I will show some R traps here.  The purpose of this page is not going to tell you how “crappy” R is. R is great indeed and also these kind of “traps” can happen in any other languages.

if(a<-5)

Assume you want make a condition to check if “a is smaller than negative five“, then do something. So you wrote

if (a<-5)
{
     sin(pi/3) } 

but R will check if you “assign positive five to a”  since “<-” in R is an assignment operator. And of course this is always TRUE. As a result, R will always do the calculations within the condition.

Solutions
: use a better coding style. i.e. always put a space between the operator (either assignment operators or relations operators) and values e.g.,

if (a < -5)
{
    sin(pi/3)
}

or use the parentheses if you want to make sure what you are ding.

if (a<(-5))
{
    sin(pi/3)
}

#### break a long line

When you want to break a long expression into several lines in R, you don’t have to put a special notation at end of each line and R will check if your expression has finished.
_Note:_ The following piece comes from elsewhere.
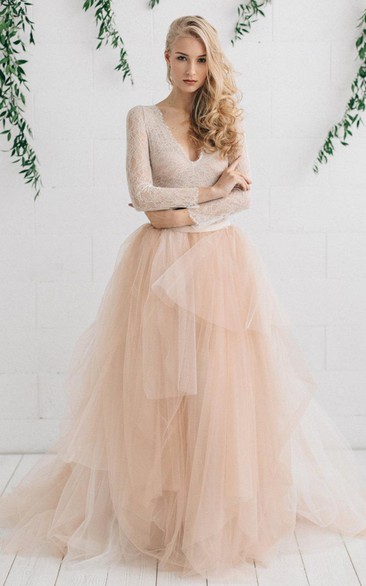 Tulle Satin Tiers Zipper Vintage Wedding Dress
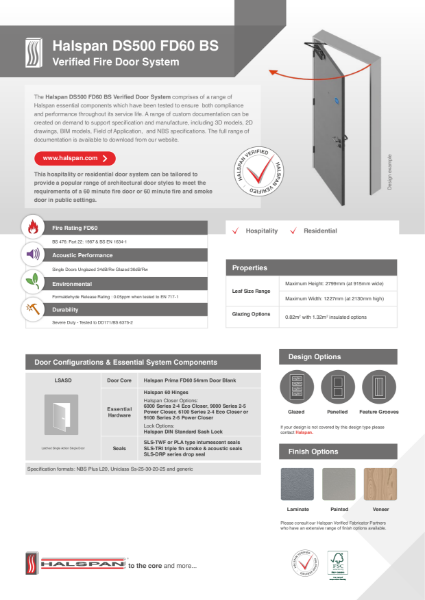 Halspan DS500 FD60 BS - Verified Fire Door System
This makes thing convenient but also brings troubles.  Assume you have a very long expression and you want to break it into two lines, e.g.

myvalue <- sin(pi/3) + cos(pi/3) + 2*sin(pi/3)*cos(pi/3)

The result should be 2.232051.

But you wrote

myvalue <- sin(pi/3) + cos(pi/3)            + 2*sin(pi/3)*cos(pi/3)

R will think you have finished the expression at the end of first line and started a new expression from the second line.  You will find the result is 1.366025 since the second part is not included in at all.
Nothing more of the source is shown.